**MATERIAL TO PROCESS**
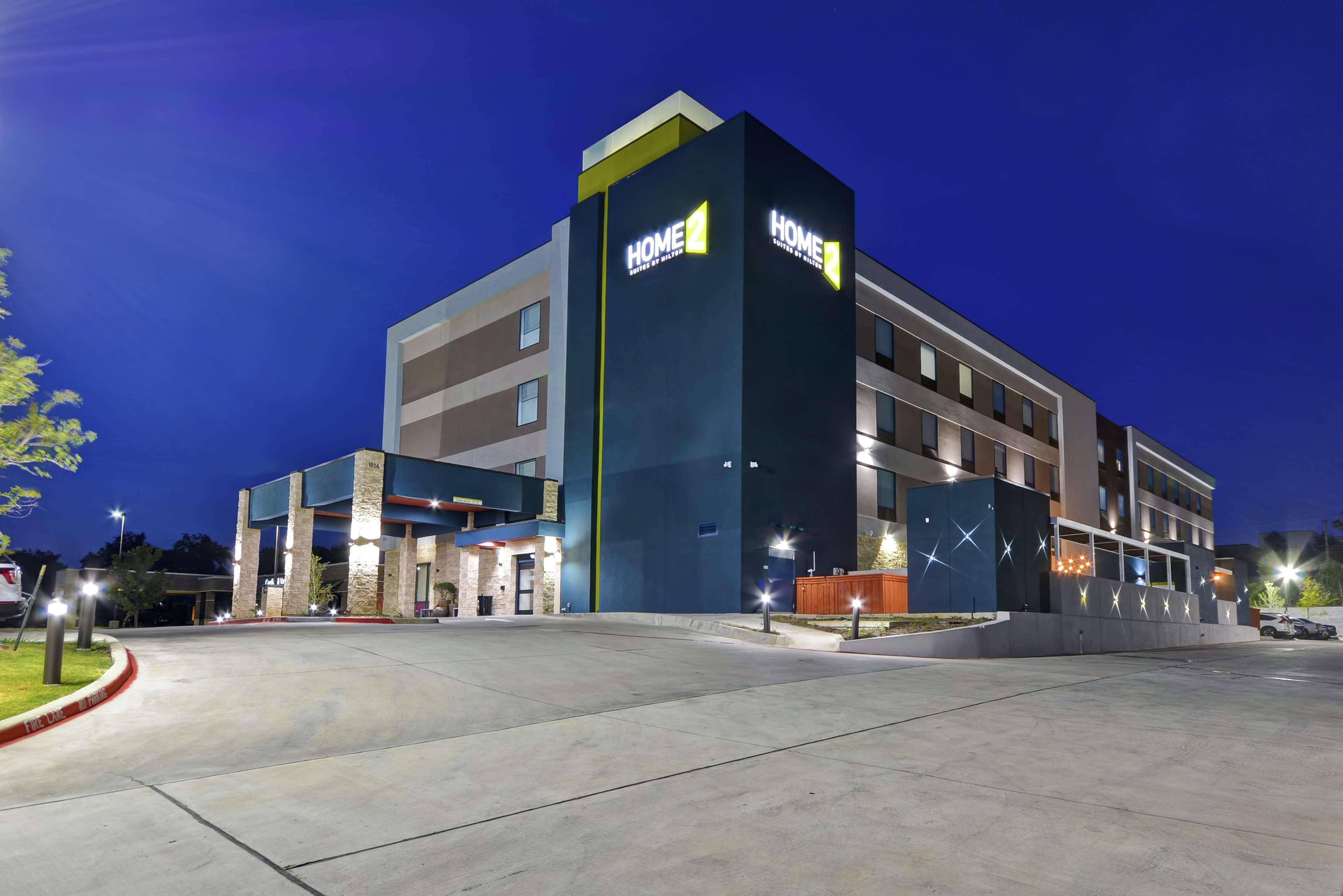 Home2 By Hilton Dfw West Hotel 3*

--

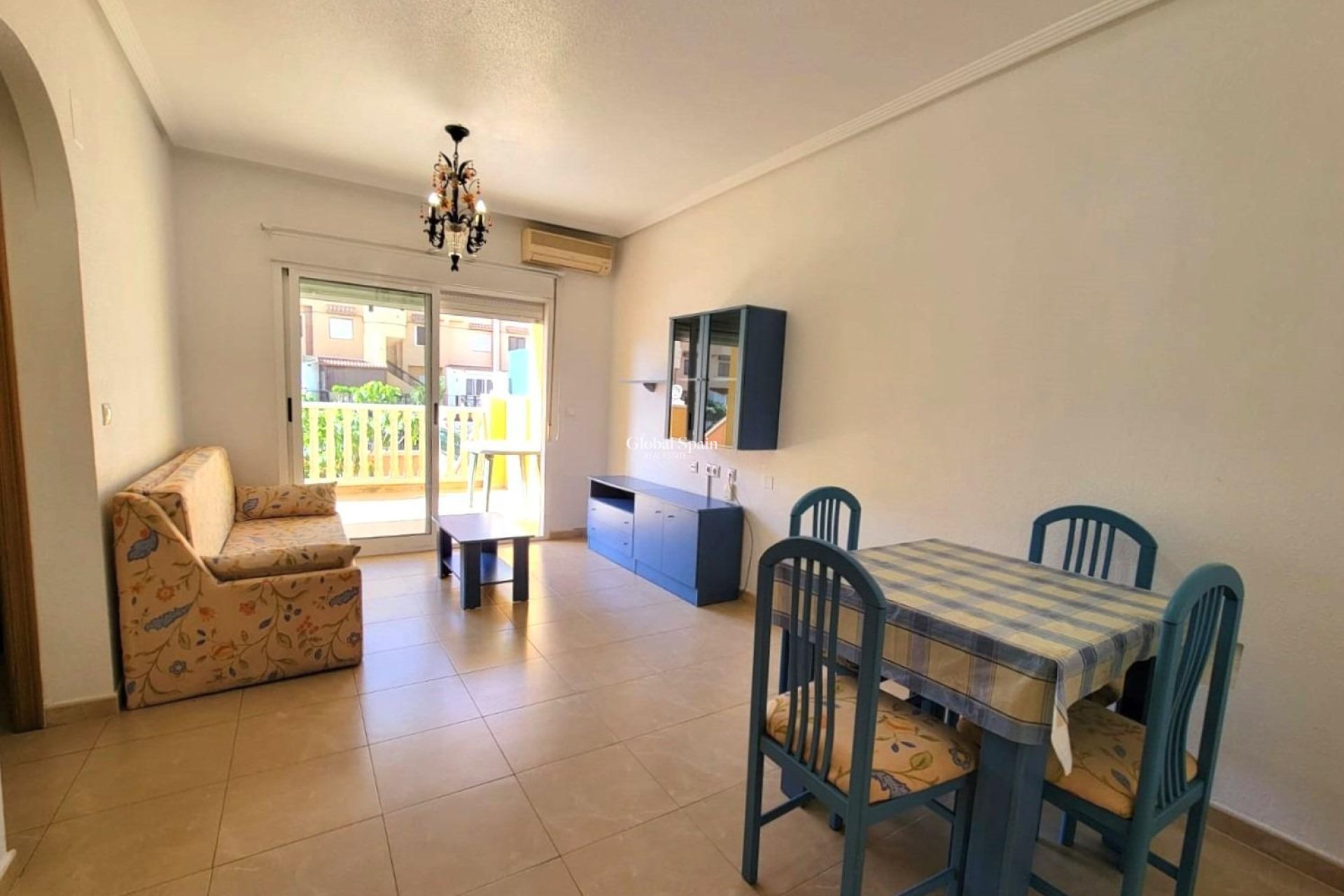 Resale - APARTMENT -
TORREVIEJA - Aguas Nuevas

...

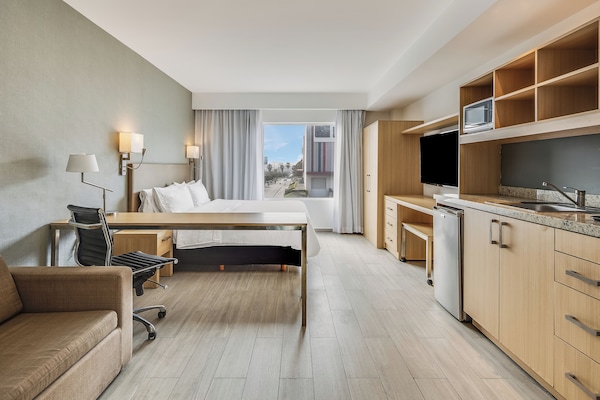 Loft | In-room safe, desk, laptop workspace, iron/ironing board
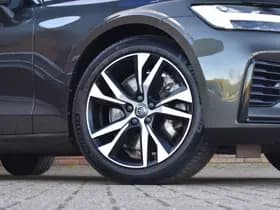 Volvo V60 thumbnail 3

**REQUIRED WORK**
Reproduce the data above exactly, but only from the line containing "Loft | In-room" through the line containing "Volvo V60 thumbnail 3"; skip the pictures.

**EXERCISE RESULT**
 Loft | In-room safe, desk, laptop workspace, iron/ironing board
 Volvo V60 thumbnail 3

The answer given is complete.